The Act clarifies that internal reorganisations are not subject to filing requirement. However, other questions remain, such as whether a foreign-to-foreign transaction (with no change of shares’ direct ownership in Thailand itself) would be captured. Other questions are addressed below.

 

The key features of this dual, mandatory merger control regime are as follows:

 

  • Post-merger notification of mergers or acquisitions that may “significantly reduce competition in any market” (a concept that is not defined in the Act but expected to be defined in the implementing regulations) (“Notification Process”).

 

  • The Notification must be made within 7 days from the date of the merger (likely to be understood as “from completion”). It is expected that the TCC will provide notification thresholds in the implementing regulations to be adopted in the coming year; as mentioned above, until such thresholds are formally announced, the OTCC would not expect to receive notifications.

 

  • It is further understood that the Notification Process would not result in a decision by the TCC. This leaves open the question of what would happen to transactions which have been completed and for which the TCC subsequently finds a significant competition concern. This may be left to be addressed through the rules on prohibition of abuse of a dominant market position.

 

  • Failure to notify the transaction would result in a relatively modest administrative fine (THB 200,000) as well as a fine per day (THB 10,000) for the duration of the violation.

 

  • Pre-merger approval of mergers or acquisitions that may result in a monopoly or create dominance (“Approval Process”).

 

  • Though the Act is not explicit, this Approval Process is to be read as being suspensory (no closing prior to approval). The TCC has 90 days (+15 days if needed) to approve (including with conditions), or prohibit a transaction.

 

  • Until new regulations are adopted, the concept of dominance should be read in light of the previous law – see section on abuse of dominant market power above.

 

  • Failure to obtain TCC’s approval may result in the TCC being able to order a suspension or an adjustment to the transaction (the details of which will be further set out in implementing regulations) and/or a fine of up to 0.5% of the transaction’s value.

 

  • It is our understanding that although dominance can be established under the old implementing regulations, parties are not expected to file for approval until the new implementing regulations are adopted.

 

  • There are a number of open questions regarding the Approval Process. To name only two: (i) will a transaction involving a previously dominant firm and therefore not “creating” a dominant player be subject to the Approval Process?; and (ii) will a transaction generating no increment in the dominant firm’s market share be subject to the Approval Process? It is hoped the implementing regulations will address these scenarios to optimise legal certainty.

 

  1. Transition and next steps for businesses active in Thailand

 

As mentioned above, the year that follows entry into force is filled with legal uncertainty. The Act does not refer to any grace period, yet the law is far from settled: the TCC is not appointed yet, and a large number of implementing regulations must be adopted to clarify or activate certain provisions of the Act. Until the TCC is up to speed and has adopted the various implementing regulations, the current Trade Competition Commission and existing subordinate regulations under the previous law remain in force. Relevant stakeholders have already voiced concerns that 365 days may not be sufficient to finalize the full suite of implementing regulations.
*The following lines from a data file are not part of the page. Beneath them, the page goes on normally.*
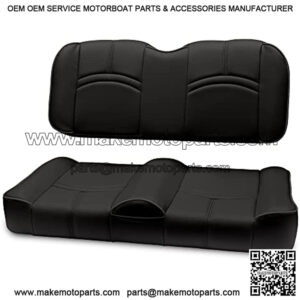 MODZ  FS1 Custom Golf Cart Front Seat for EZGO TXT - [1995-Up] - Black Base - No Pattern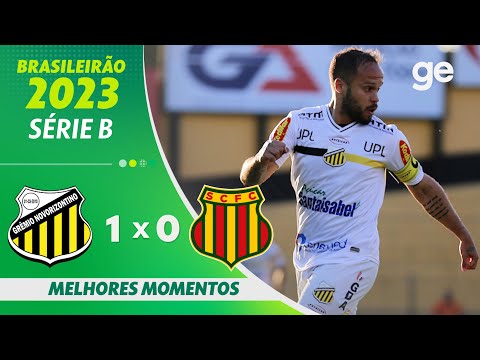 Gols e lances de Novorizontino x Sampaio Corrêa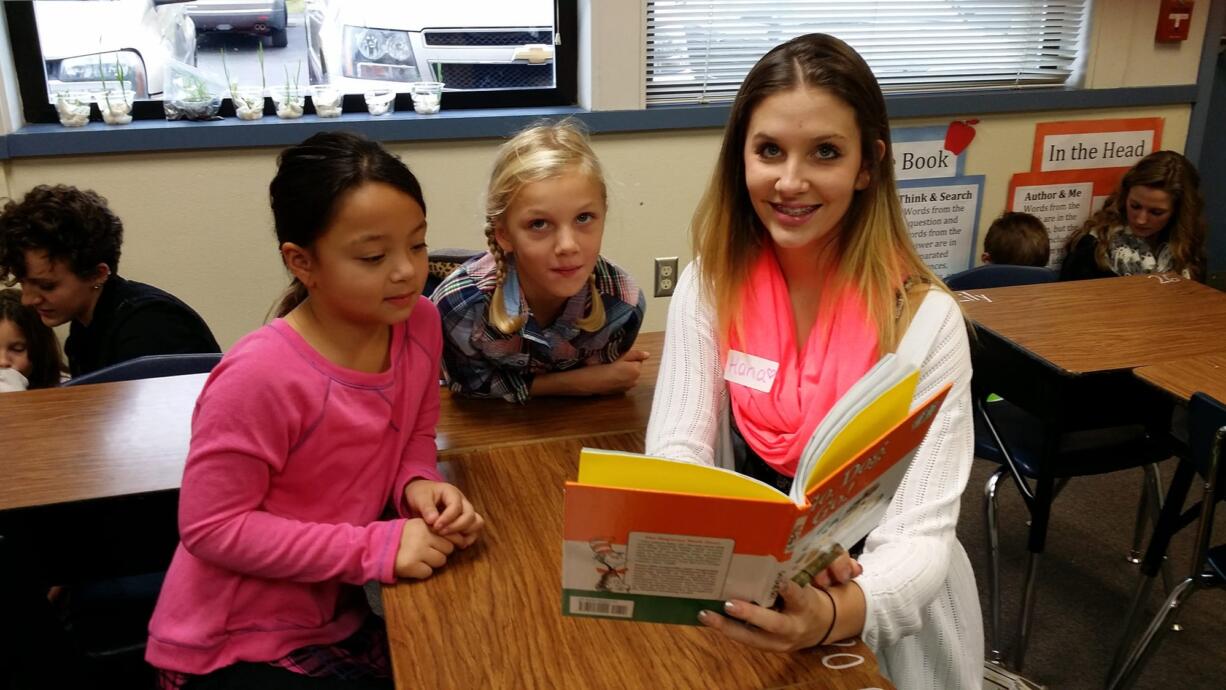 Washougal: Hana Nekvapil, right, shares some Dr.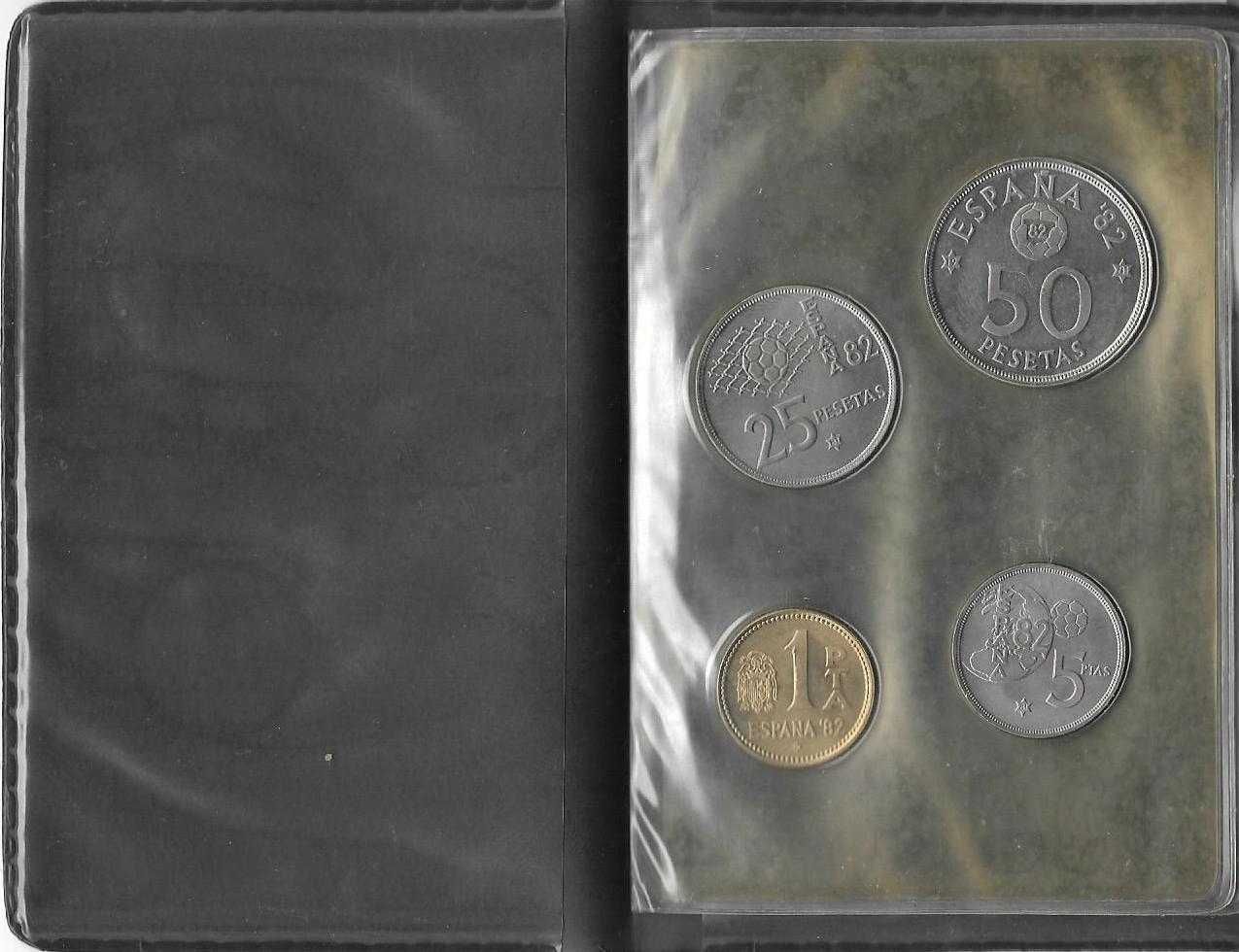 Espanha - - - "Mundial de Futebol España 82" - - - - - Moedas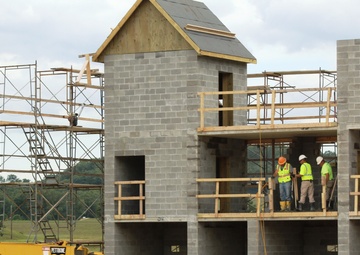 Stress-shoot facility under construction at Fort McCoy’s Range 18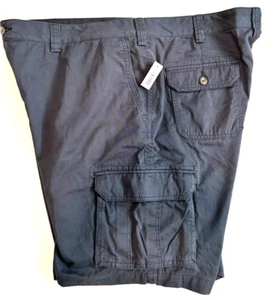 Essentials Navy Blue Cotton Cargo Pocket Shorts Men's Size 48 - Picture 1 of 7
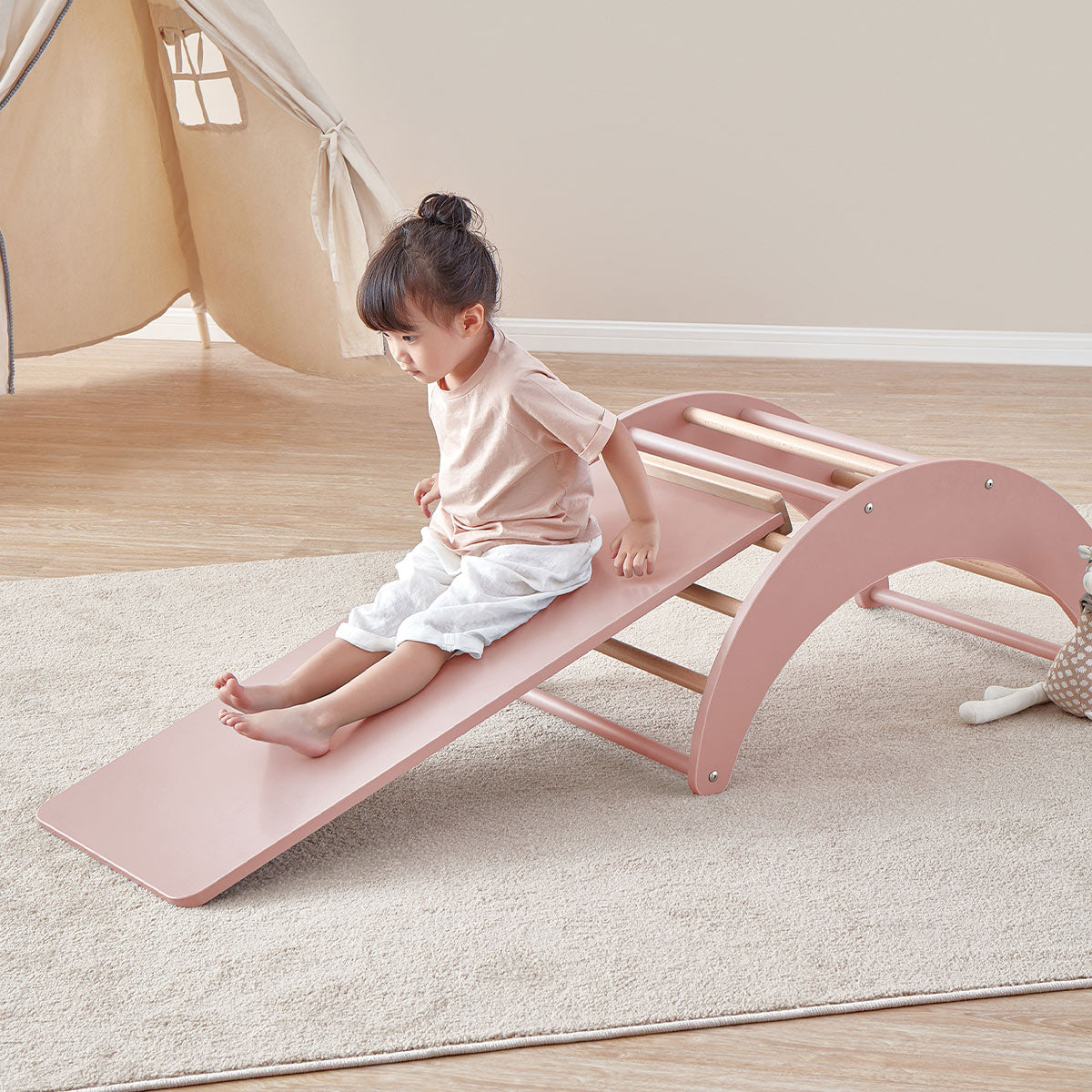 Tidy Pikler Climbing Arch & Ramp 2 Piece Set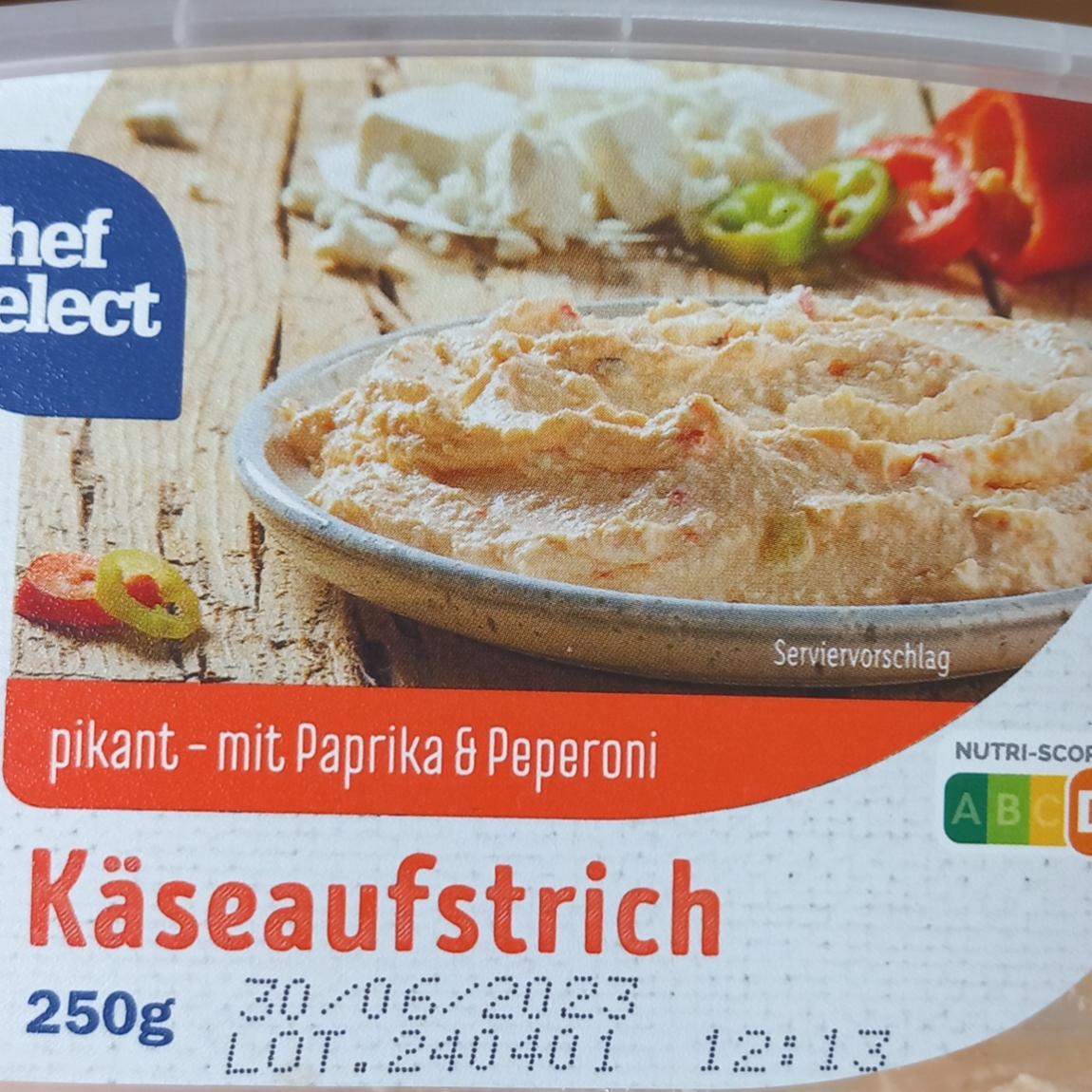 Fotografie - Käseaufstrich pikant mit Paprika & Peperoni Chef Select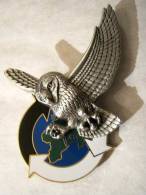 INSIGNE DE L´UNITE DE RECUEIL ET INFORMATION (HIBOU / CHOUETTE) ETAT EXCELLENT - Luchtmacht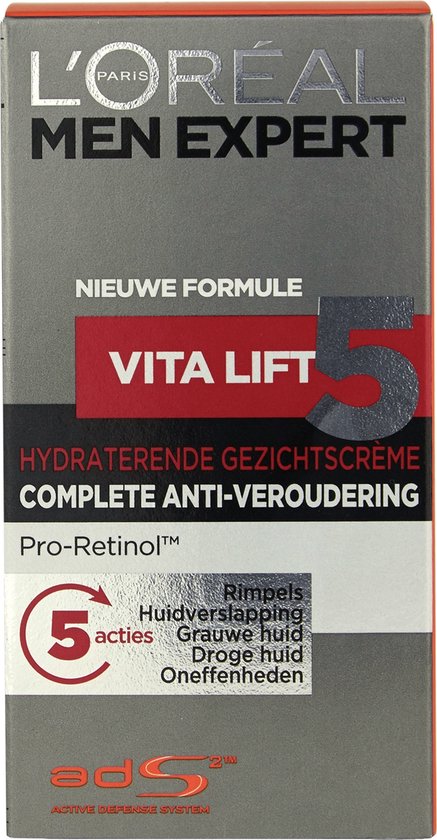 L'Oréal Paris Men Expert Vita Lift Crème Visage Hydratante - 6 x 50 ml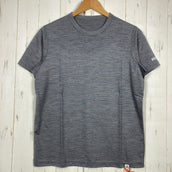 【Women's L グレー系】 Ridge Mountain Gear ( リッジマウンテンギア ) メリノ ベーシック ティー ショートスリーブ Merino Basic Tee Short Sleeve Heather Charcoal メリノウール ウェア ト
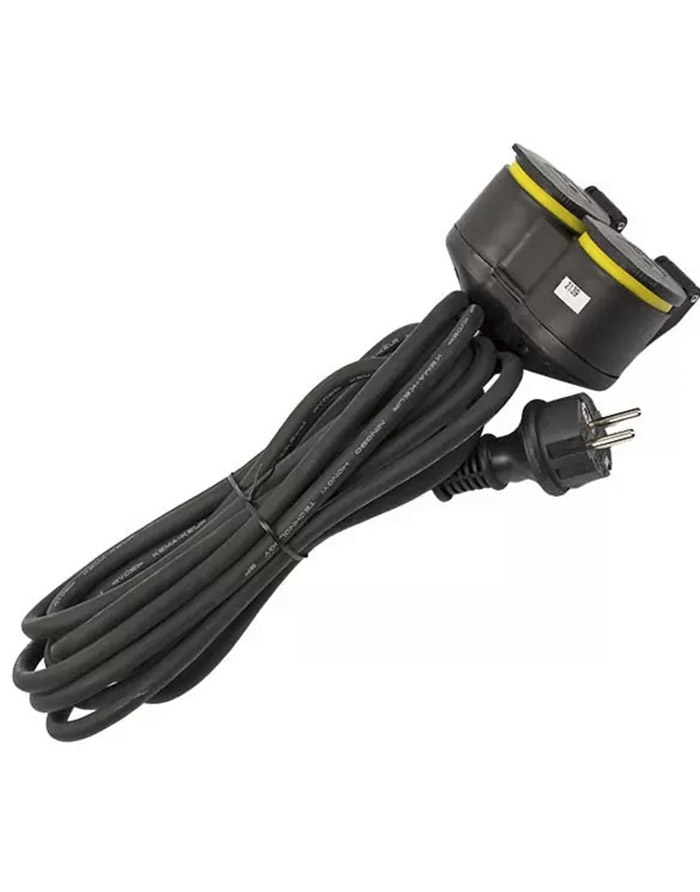Prelungitor 3х1 5mm 5m cu impamantare  2 prize  IP44 Profmet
In any event, businesses active in Thailand would be wise to take the opportunity of this transition year to review carefully their practices and to make adjustments if necessary. Parties to mergers having a nexus with Thailand should also consider the timing of their transaction to determine whether it is likely to require a filing with the Thai authorities. In case of doubt, the parties may consider approaching the officials to discuss the matter.

The Thai government is determined to give teeth to this second iteration of their competition law and businesses should respond to this policy imperative with proactive compliance measures.